They were handwritten by her grandfather, Paul Sheldon Johnson, and sent to his mother from France in 1917 and 1918. Johnson served as a chaplain there during World War I.

Cones read an excerpt from one of his letters.

“You are my best pal. I think of you because I owe it to you.  I think of you because I am more to your life than I am to anyone else’s life, because if I do not come back, you, even as you have said, will remember me after all the world has forgotten.”

Now, Cones is giving the letters to historian Andrew Carroll.

“We’re so grateful to you for giving up something so incredibly powerful and historic and it means a lot to us as well,” Carroll said. “And I promise you that we will safeguard these for posterity.”

Carroll is on a tour through all 50 states to pick up letters written from the front lines of American wars.

He started to preserve wartime letters in 1998 and has since received more than 100,000 of them. The collection is now called the Center for American War Letters at Chapman University in southern California.

“This is actually a very personal project,” Carroll said. “It all started when our family’s house burned down my sophomore year of college, and we lost everything. And it was losing all the photos, the letters that really kind of inspired this passion for preserving the past. And it was talking with veterans I knew. I was like, what do you guys do with your old letters, and they were like, oh, we threw them away. It just seemed that we were losing something to history.”

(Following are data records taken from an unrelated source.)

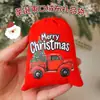 Venda Quente Transfronteiriça Saco Vermelho Veludo Natal Saco de Presente com Cordão Desenho Animado Estampado Embalagem para Doces Biscoitos Atacado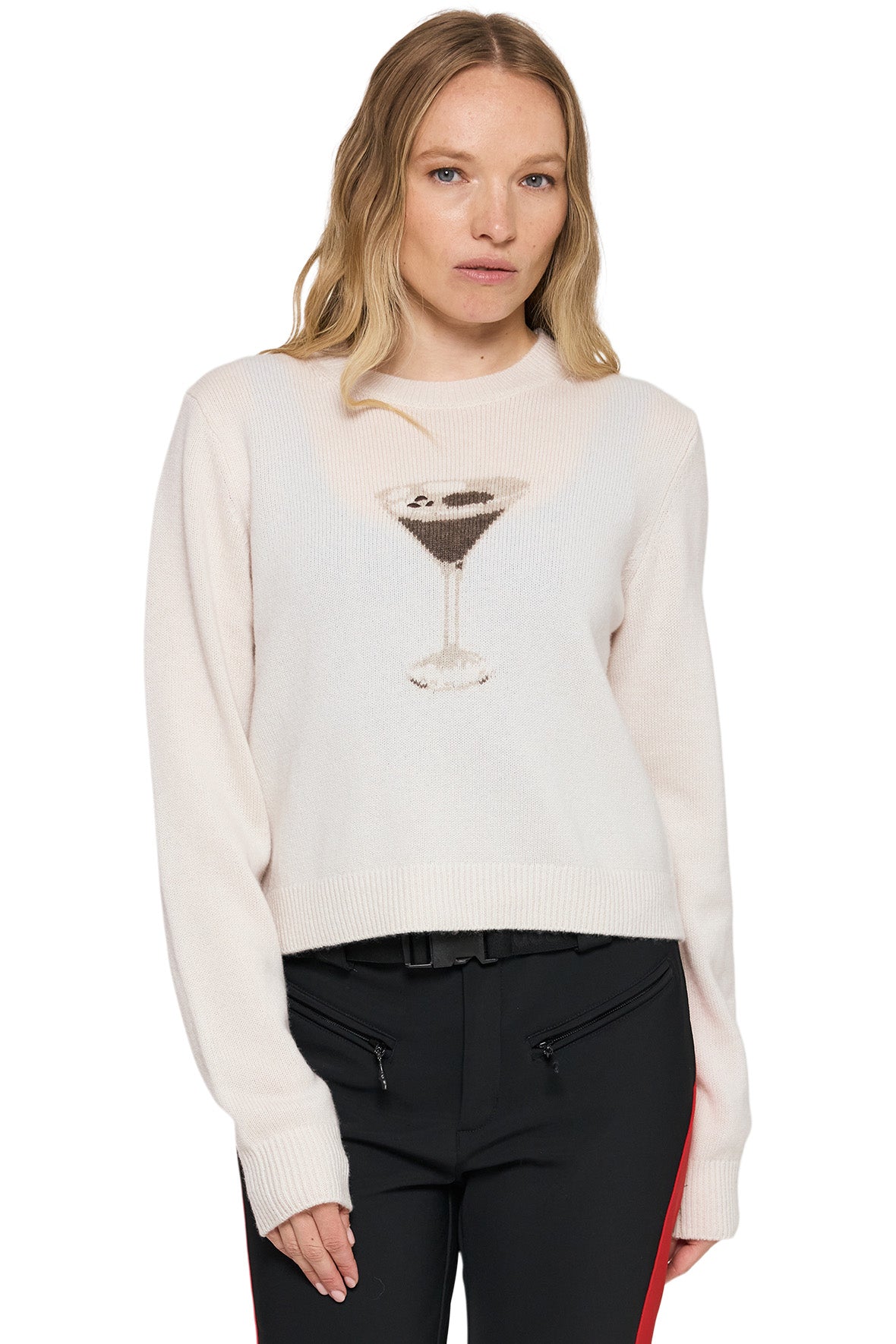 One Grey Day Martini Time Crewneck Sweater in Ivory Combo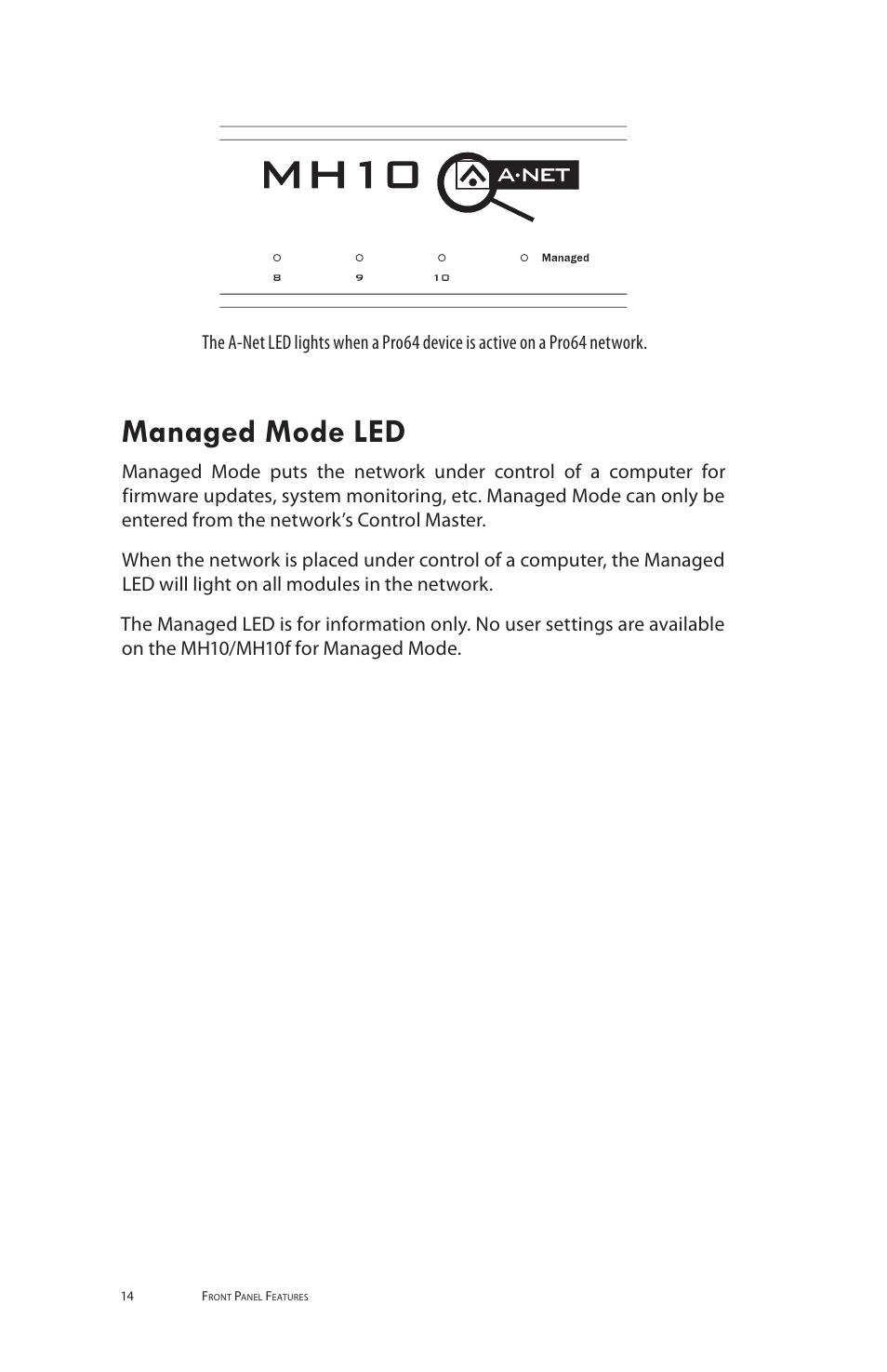 Managed mode led | Aviom MH10f User Manual | Page 22 / 41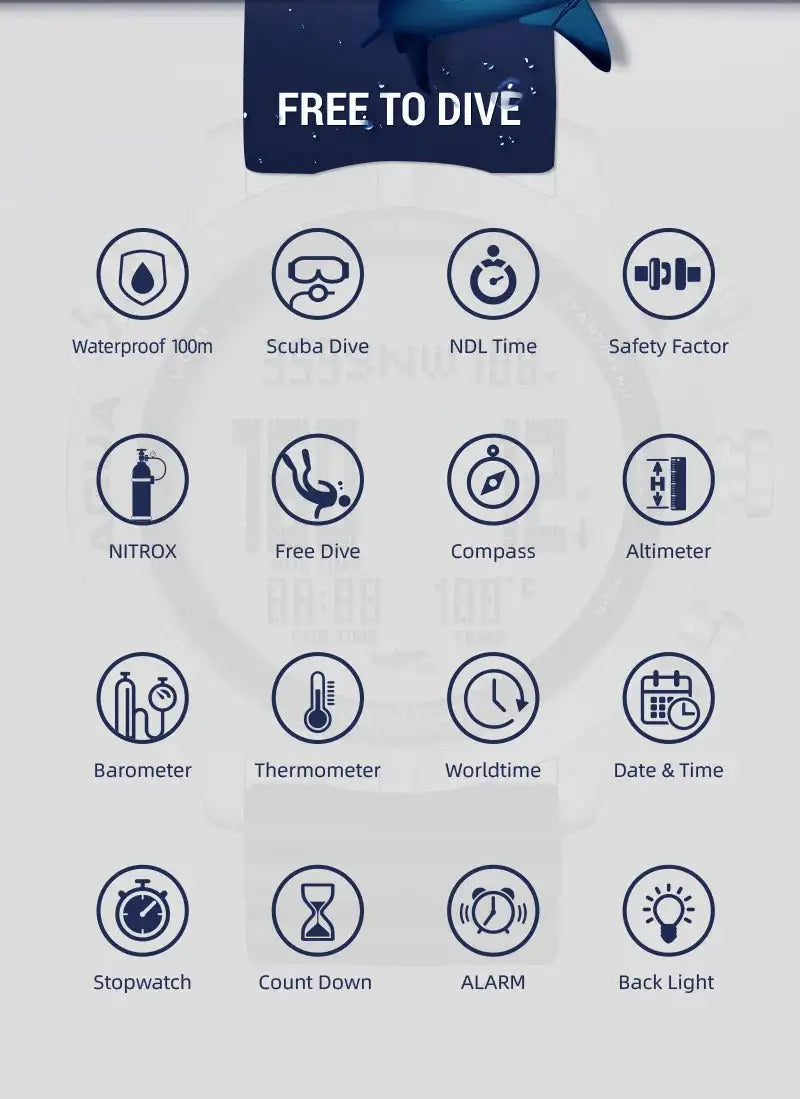Men Dive Computer Watch Waterproof 100M Smart Digital Free Diving Watches Barometer Compass Temperature Clock - Lootquake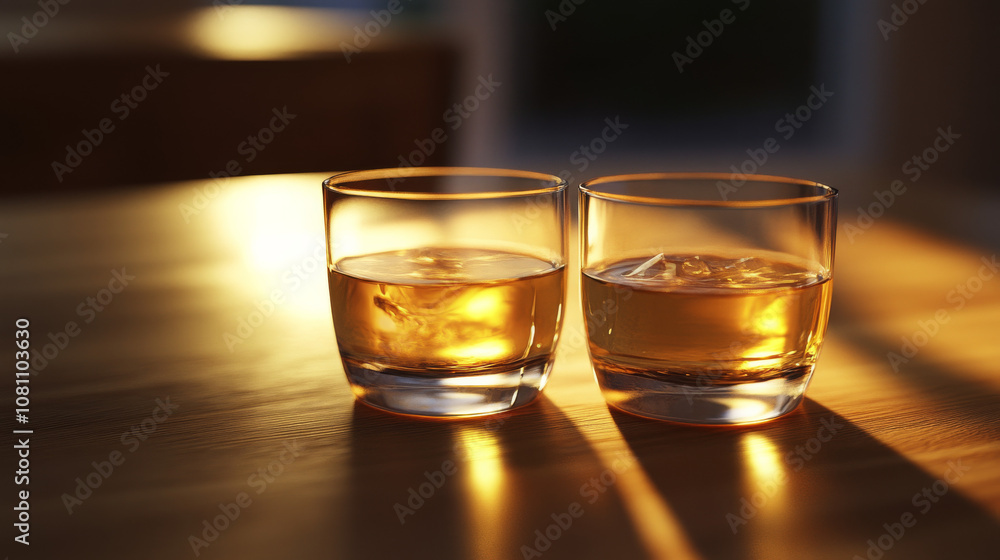 The liquid inside the glasses catches the warm, amber glow of low lighting. The liquid inside the glasses catches the warm, amber glow of low lighting.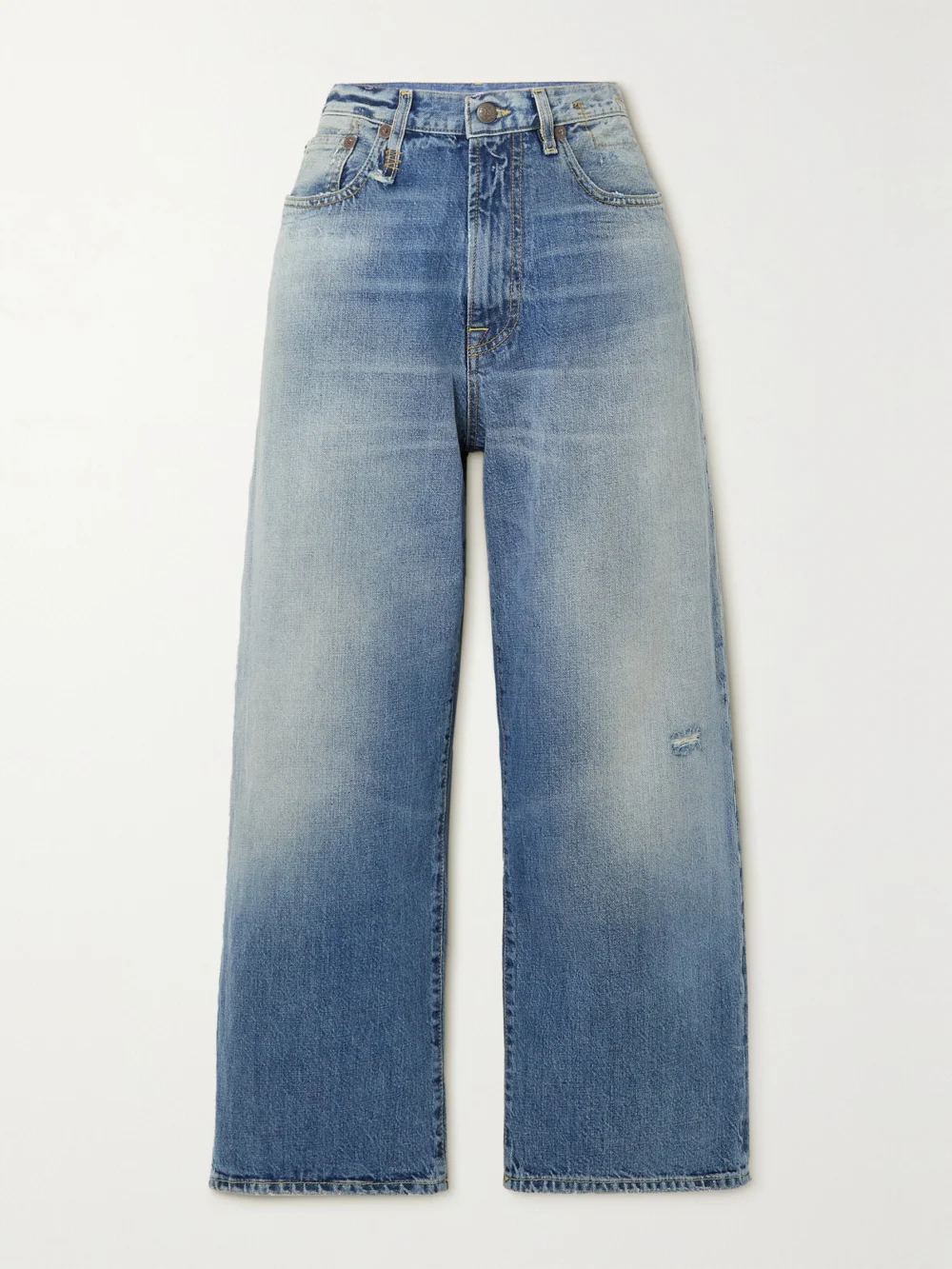 R13 Cropped Ankle D'arcy Distressed High-rise Wide-leg Jeans in blue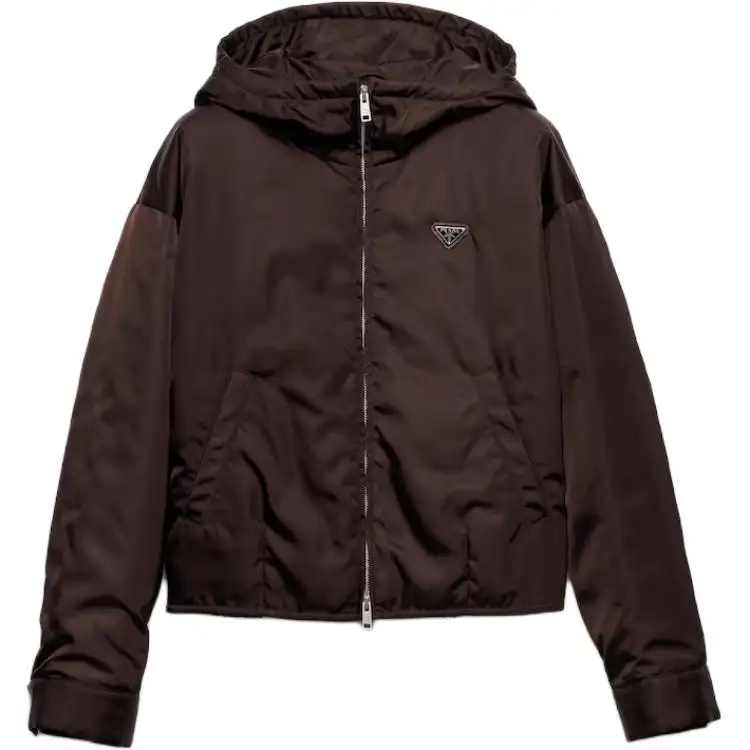 PRADA Jackets Women's Dark Brown Hooded Moderate Other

Marian Cones first heard about the Center for American War Letters in a PBS documentary. She said donating her letters to the project made sense.  

“You know, I guess everyone’s houses are getting so full of things and I said I want this to be in a safe place and I want to make sure that it doesn’t end up on the trash heap on the curb,” Cones said.

The letters Carroll has collected range from the Revolutionary War to Iraq and Afghanistan. For those last two wars, the collection also includes emails, which of course is now the preferred means of communication.

But Carroll said some GIs still send letters on stationery.

“Every so often, a service member will sit down and handwrite a letter to a child or to a mom or a dad,” he said. “It’s not as frequent as it used to be, but one of the things I hope this project will do is also inspire people to write letters more often, because it really is so meaningful to family members to have that piece of paper in their hands.”

But regardless of the format, Carroll said these personal accounts from wartimes are important because they tell history from the perspective of the people who were there.